Little Lincolns: Titus Andronicus Will Be Heard

Patrick Stickles and his merry men ape the Boss and other founding fathers.

Patrick Stickles is a voracious singer and guitarist who gobbles up vast chunks of indie rock, Western history, and pop culture to fuel his lyrics. Riddled with varied references and swaggering with a ragged grandeur, the band’s ambitious second album, The Monitor, hooks into the parallels between the blue-vs.-gray America forced into the Civil War and today’s red-vs.-blue successor. Now more than ever, as Stickles sees it, a battle rages for the identity of our country.

“If destruction be our lot, we ourselves must be its author and finisher”: This quote from Abraham Lincoln leads off the album’s seven-minute opener, “A More Perfect Union.”

“A More Perfect Union” is a bustling thesis, moving on from Lincoln and nods to various Jersey landmarks to “The Battle Hymn of the Republic” and a whooping chorus that screams “The enemy is everywhere.” It’s a bold linking of past, present, and—as hinted by Stickles’ paranoid, strangled delivery—the future. If that reads like a downer, it’s not.

“We don’t want to be taken too seriously,” admits Stickles in a recent phone call. “You’ve gotta laugh. We don’t want people to think we’re these dour, frowning characters, even though we take our music and our themes rather seriously. It can’t all be doom and gloom.”

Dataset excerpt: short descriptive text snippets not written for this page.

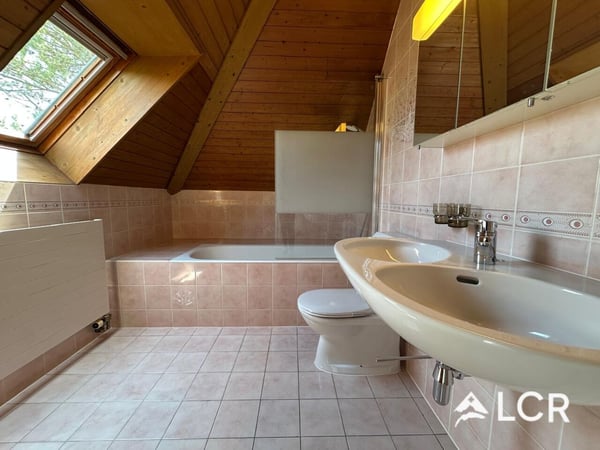 Superbe villa familiale de 6,5 pièces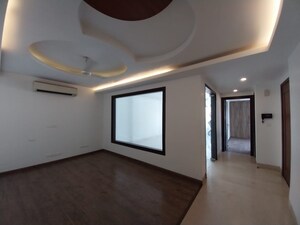 4 BHK Builder Floor For Rent in Saket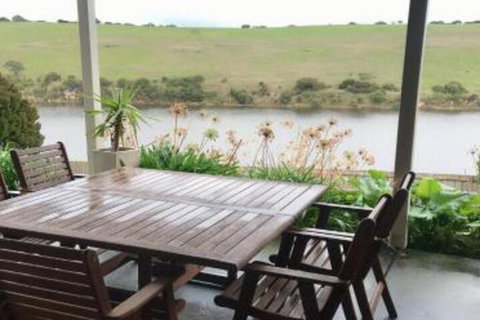River Vista - Accommodation Australia 4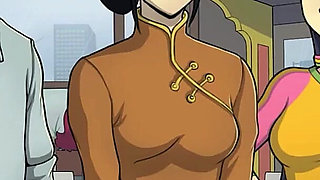 Witch Hunter - Part 51 the Hot Babes by Loveskysan69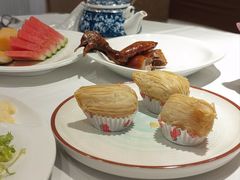 -新雅粤菜馆(南京东路店)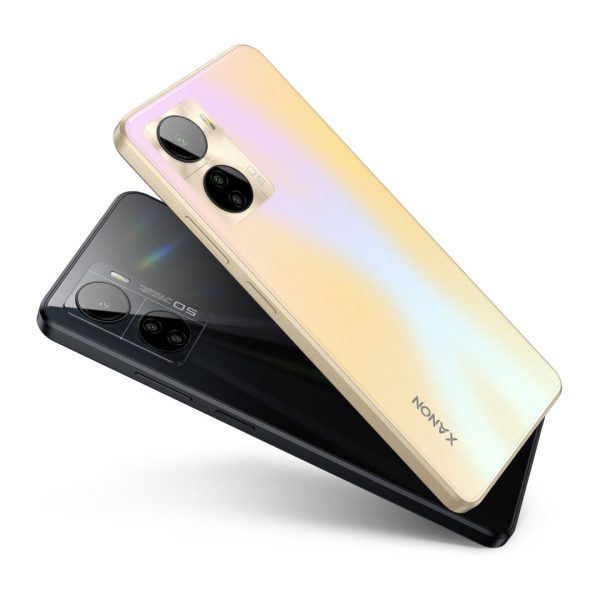 Walton XANON X20 price in Bangladesh, full specification, review and photos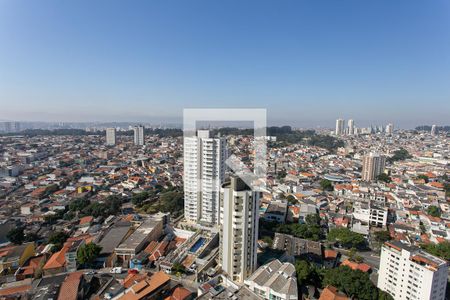 Apartamento à venda com 107m², 2 quartos e 2 vagasVista da Suíte 2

Still, on “Four Score and Seven” Stickles lashes out at mankind’s capacity for cruelty, presumably referring to a modern America where a wealthy few trample over the impoverished masses: “It’s still us against them,” Stickles cries at the song’s conclusion, “and they’re winning.”

Far from defeatists, Titus Andronicus is more rousing and careening than most indie-rock bands. Spiking Stickles’ hungry songwriting with a pub-punk grit and enlisting from The Hold Steady, Vivian Girls, and Ponytail bolsters The Monitor‘s outsized, falling-down vibe.

As for that struggle for America’s future, Stickles isn’t as pessimistic as he sometimes sounds on The Monitor. “If we didn’t think this world was full of great possibilities,” he offers, “there’d be nothing to really be that angry about.”